MASON CITY, IA (February 8, 2016) — John Skipper, a member of First Covenant Church and political reporter for the Globe Gazette, loves politics but he is glad the caucuses are behind him and the candidates moved on to New Hampshire.
“Just because it’s enjoyable doesn’t mean it’s not tiring, because it’s a long haul.” said Skipper.
Before last Monday night’s caucuses, Skipper wrote in a column that, “In many ways, the Iowa caucus campaign season is like a relative who comes for a visit and stays too long. Sooner or later, the food all begins to taste the same and you run out of things to talk about.”
Skipper has covered events by 18 presidential candidates in just the last year.
One of his more memorable interviews came in 2007, when met with then-Senator Barack Obama in a room next to the junior college gymnasium where the candidate had just addressed an enthusiastic crowd.
When Obama met him, he playfully said, “I want you to know you are the only thing standing between me and dinner.” Dinner did soon come, however, so Skipper and Obama talked over a plate of lasagna for more than half an hour.
Skipper, who was honored by the Iowa Newspaper Association on Friday night for his 50 years in journalism, joked that Iowans have a joke: “There are five seasons – winter spring, summer, fall, and caucus.”
It’s a season that can become almost unbearable. In the final months of the campaign, for example, almost every TV ad is for—and against—one of the candidates.
At the end of caucus night, when people ask me if I’d want to do it again, I always tell them that it’s a little like asking a woman in labor if she wants to have another baby.
But being the first state in the process and voting by caucus does have its advantages. “If you live in Iowa, you have a chance to meet the next president of the United States.”
Little attention had been paid to the Iowa caucuses until the relative upstart Jimmy Carter came out of nowhere—or Georgia at least—to win them in 1976. He had spent several years going to numerous small-town gatherings before anyone else noticed what was happening.
“Ever since then, all of the candidates come pouring into Iowa,” Skipper said. “We had 22 of them at the same time at one point.” That made sneaking up on the other candidates pretty much impossible.
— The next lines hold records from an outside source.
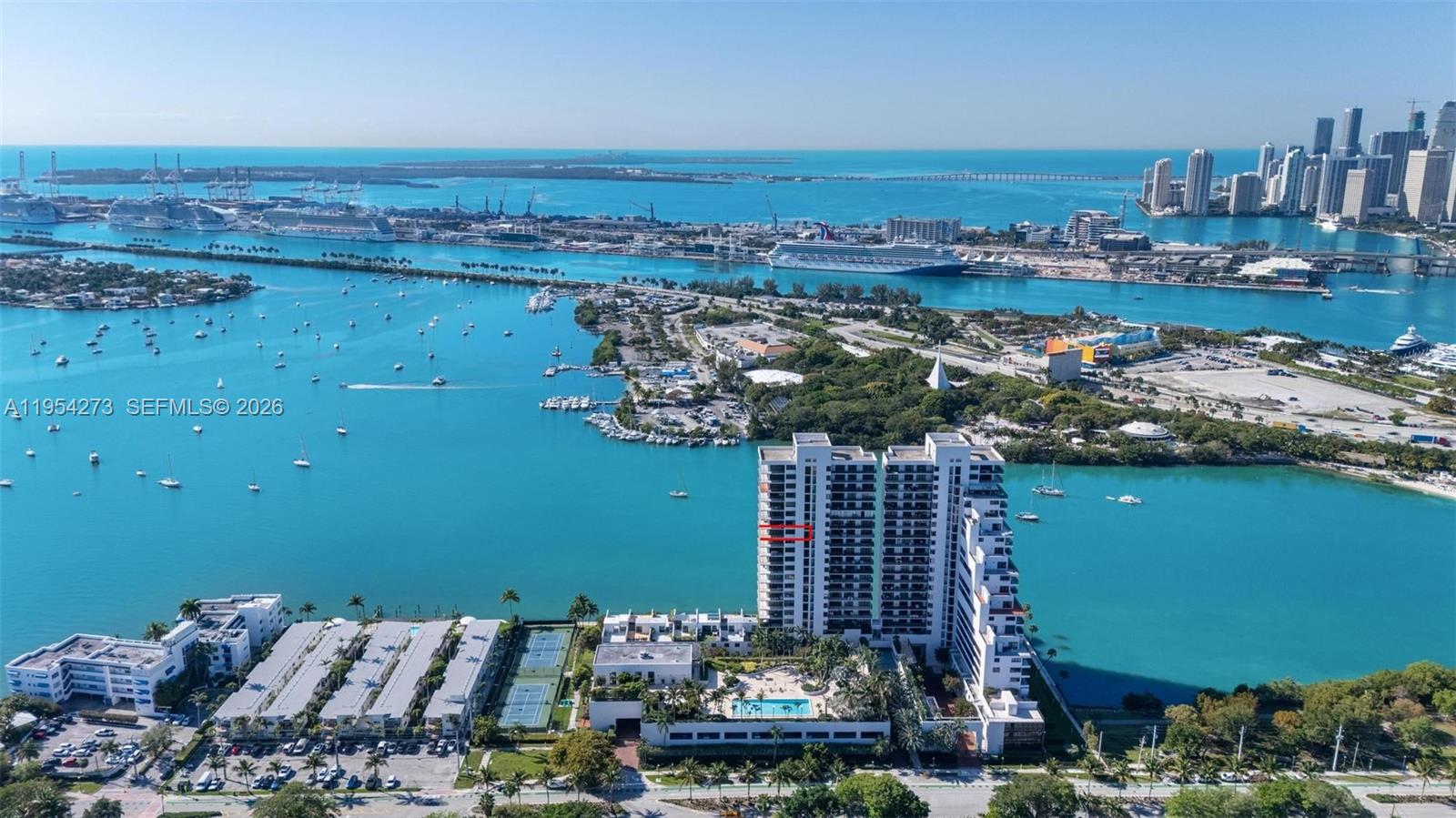 image 1000 Venetian Way45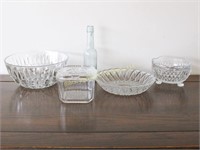 Lot: 5 assorted glass items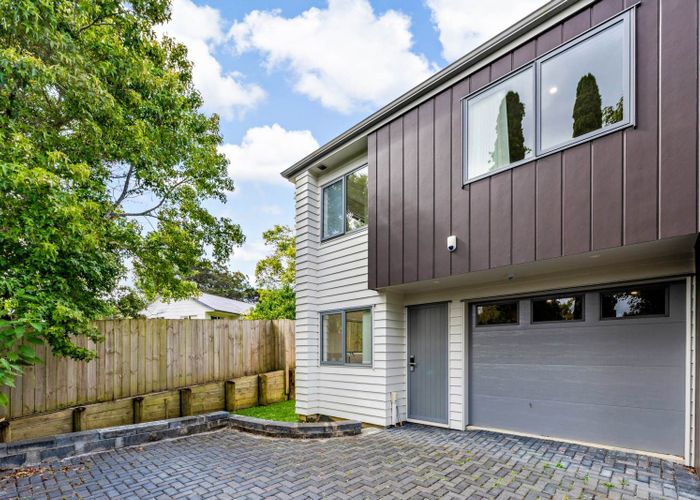  at 6D Buisson Glade, West Harbour, Waitakere City, Auckland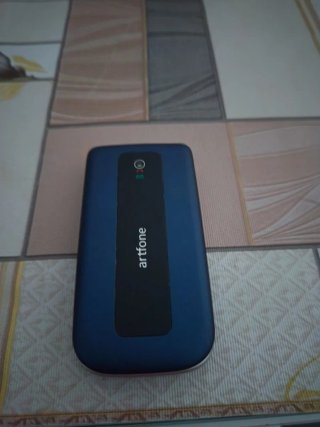 Móvil artfone Azul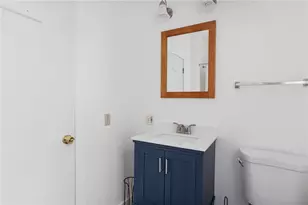 53 Warner St, Newport, RI 02840 - Photo 24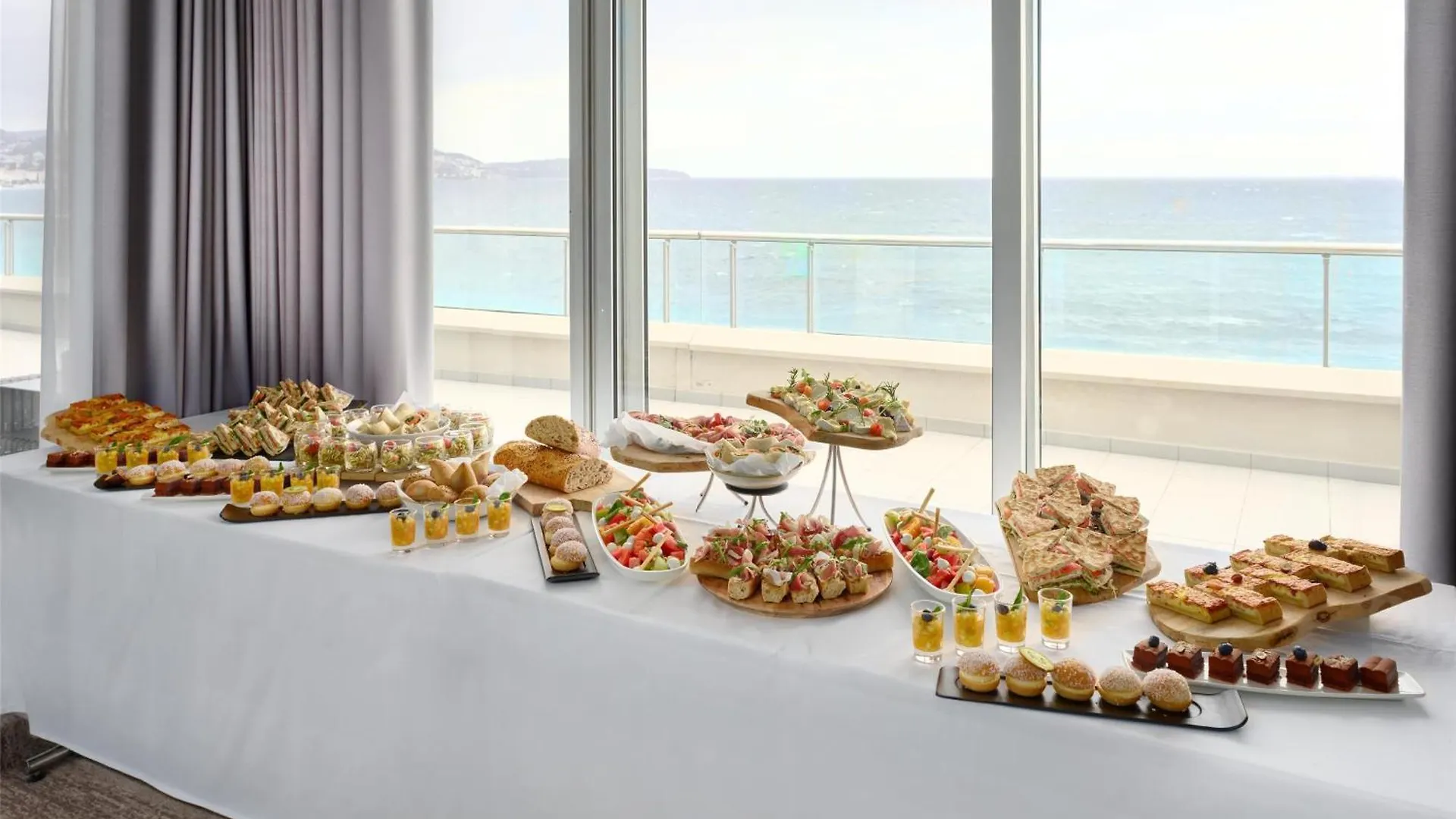Radisson Blu Hotel ניס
Skipper said it is ironic that for all the emphasis placed on winning the caucus, only Carter, George W. Bush, and Barack Obama went on to become president. “It does winnow the field, though.”
The Republican and Democratic races were both exciting because of the rise of the insurgent candidates, said Skipper, noting that all of the candidates who had experience governing a state finished far behind the winners.
On Thursday, he said, “At the end of caucus night, when people ask me if I’d want to do it again, I always tell them that it’s a little like asking a woman in labor if she wants to have another baby.”
Give him some time to recover, though, and he’ll be ready to go at it again. He won’t have to wait too long.
“A week or two after the presidential election after November, you’ll start to see notices that some out of state senator or governor is going to speak at the Dubuque rotary club, and you think, “Aha! It’s started,” Skipper said.
“No politician comes to Iowa in the middle of winter without a reason, and we all know what the reason is.”